* _Task statement_
Using the data below, restate exactly every line from the one with "Pferd Umriss Pony" up to and including the one with "Damen 3 Hollister". No picture belongs in it.

* _Extracted information_
━━━━━━━━━━━━━━━━━━━━━━━━━━━━━━
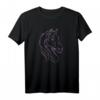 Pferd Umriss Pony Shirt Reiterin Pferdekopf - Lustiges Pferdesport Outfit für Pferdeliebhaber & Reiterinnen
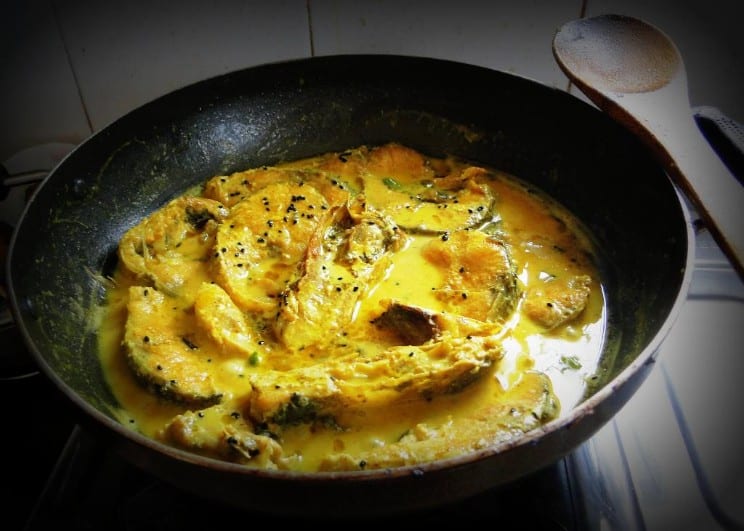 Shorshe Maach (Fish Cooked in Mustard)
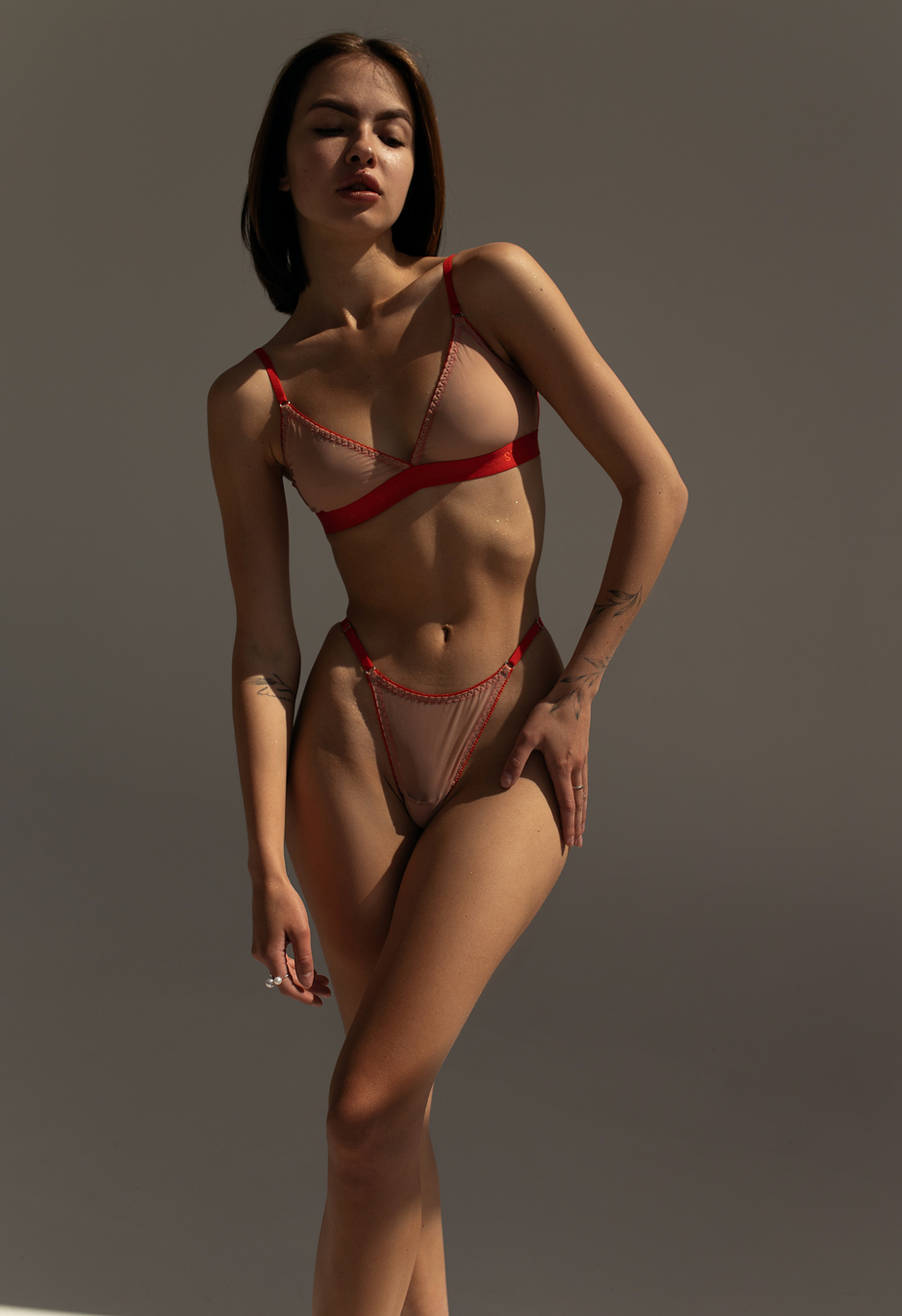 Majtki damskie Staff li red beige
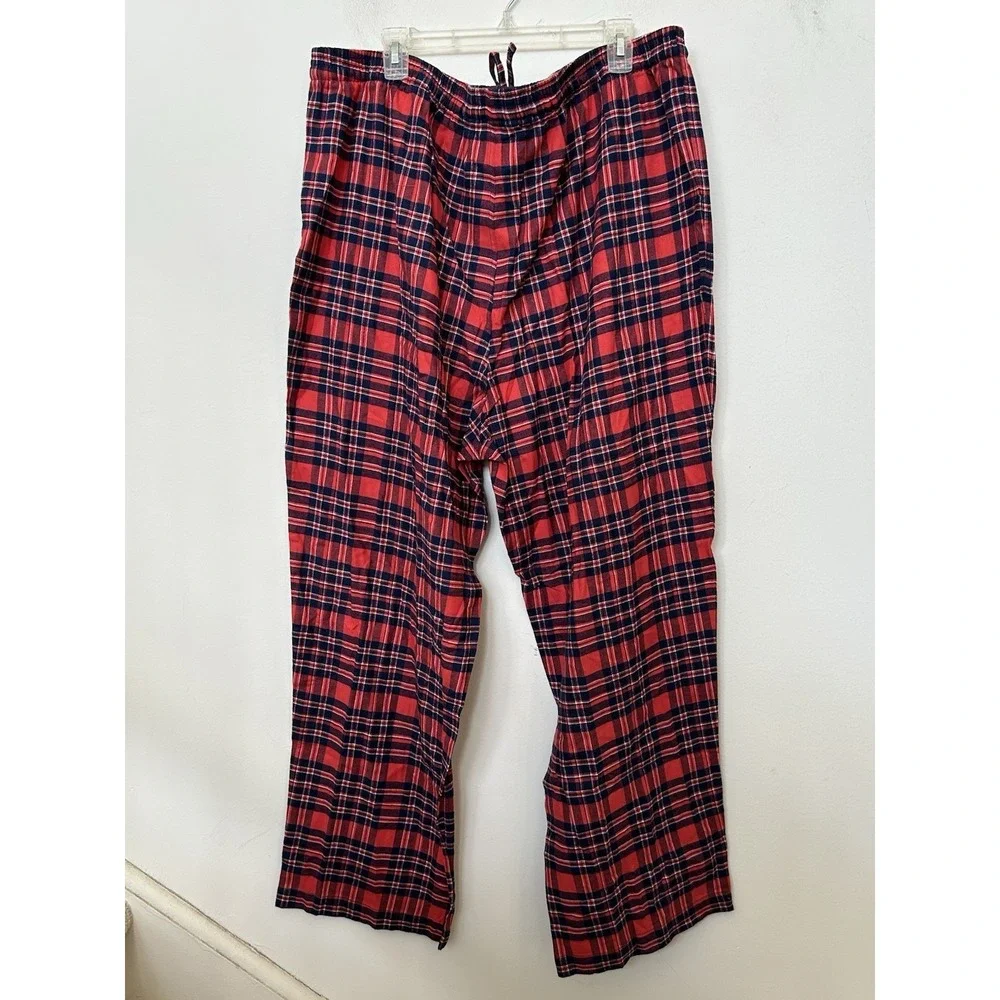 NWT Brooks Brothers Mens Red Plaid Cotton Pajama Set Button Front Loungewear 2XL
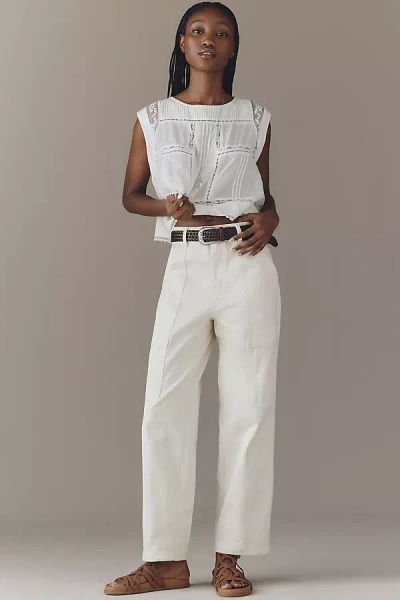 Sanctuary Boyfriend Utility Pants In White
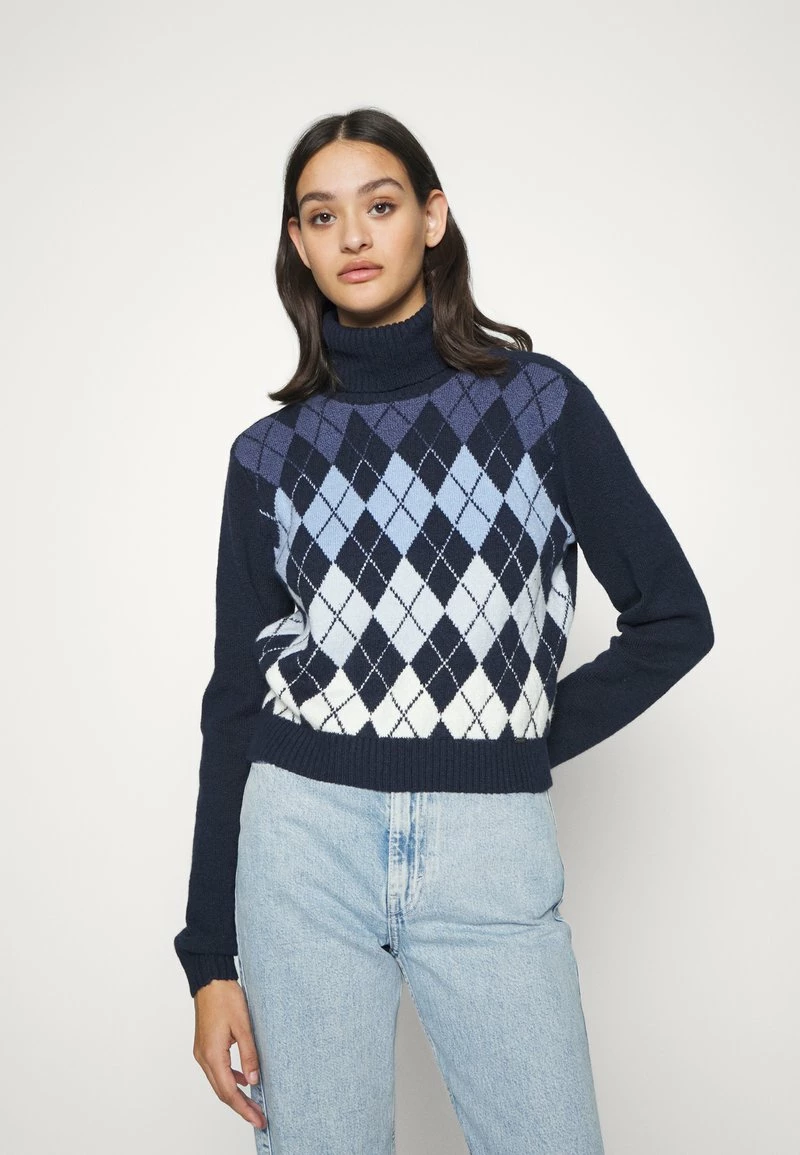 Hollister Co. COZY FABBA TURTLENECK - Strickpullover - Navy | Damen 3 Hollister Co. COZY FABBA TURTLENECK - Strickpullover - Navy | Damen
━━━━━━━━━━━━━━━━━━━━━━━━━━━━━━
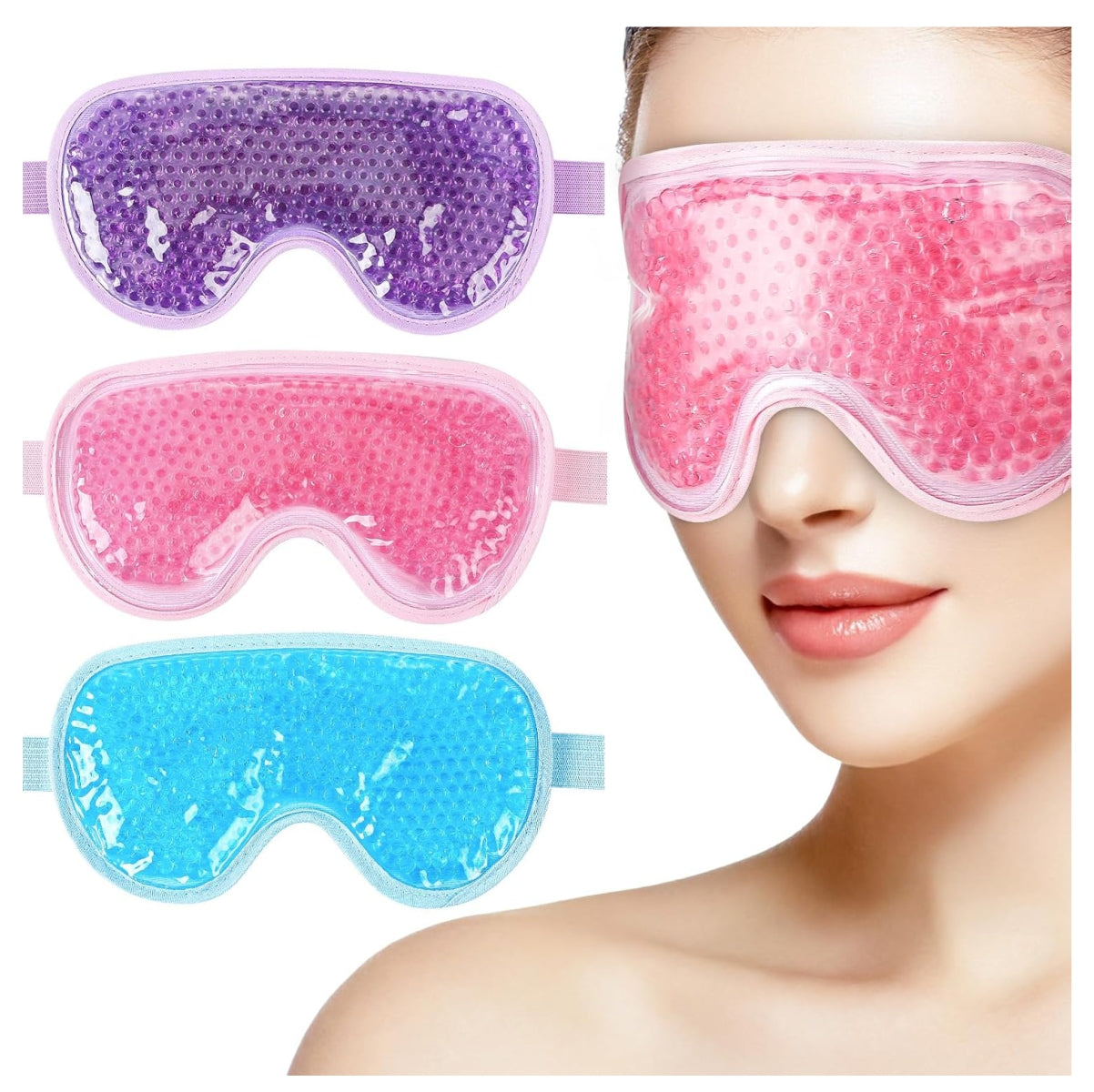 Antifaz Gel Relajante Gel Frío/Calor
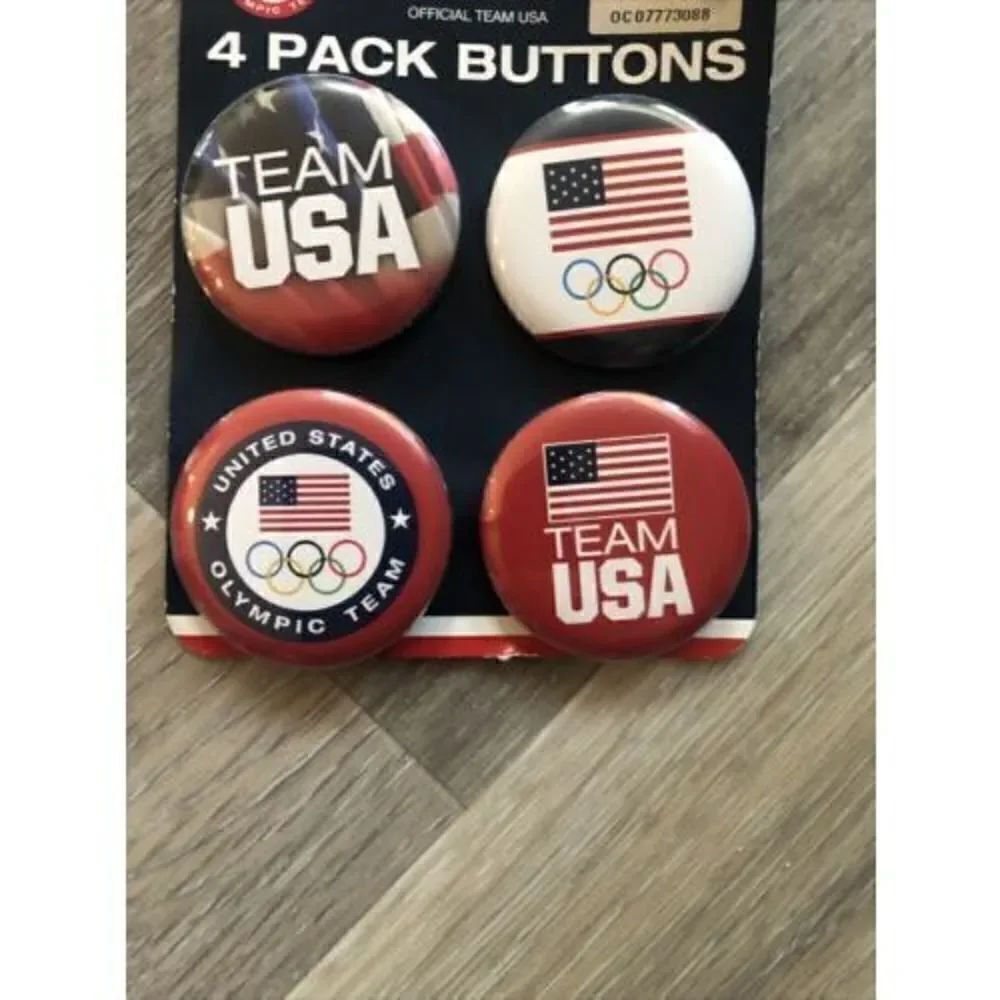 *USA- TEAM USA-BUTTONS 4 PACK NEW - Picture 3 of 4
━━━━━━━━━━━━━━━━━━━━━━━━━━━━━━
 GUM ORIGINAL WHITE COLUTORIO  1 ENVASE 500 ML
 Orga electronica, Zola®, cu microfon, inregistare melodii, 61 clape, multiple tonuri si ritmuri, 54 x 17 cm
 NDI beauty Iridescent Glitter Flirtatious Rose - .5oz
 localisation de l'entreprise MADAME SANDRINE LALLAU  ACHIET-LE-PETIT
━━━━━━━━━━━━━━━━━━━━━━━━━━━━━━
* _Answer section_
 Pferd Umriss Pony Shirt Reiterin Pferdekopf - Lustiges Pferdesport Outfit für Pferdeliebhaber & Reiterinnen
 Shorshe Maach (Fish Cooked in Mustard)
 Majtki damskie Staff li red beige
 NWT Brooks Brothers Mens Red Plaid Cotton Pajama Set Button Front Loungewear 2XL
 Sanctuary Boyfriend Utility Pants In White
 Hollister Co. COZY FABBA TURTLENECK - Strickpullover - Navy | Damen 3 Hollister Co. COZY FABBA TURTLENECK - Strickpullover - Navy | Damen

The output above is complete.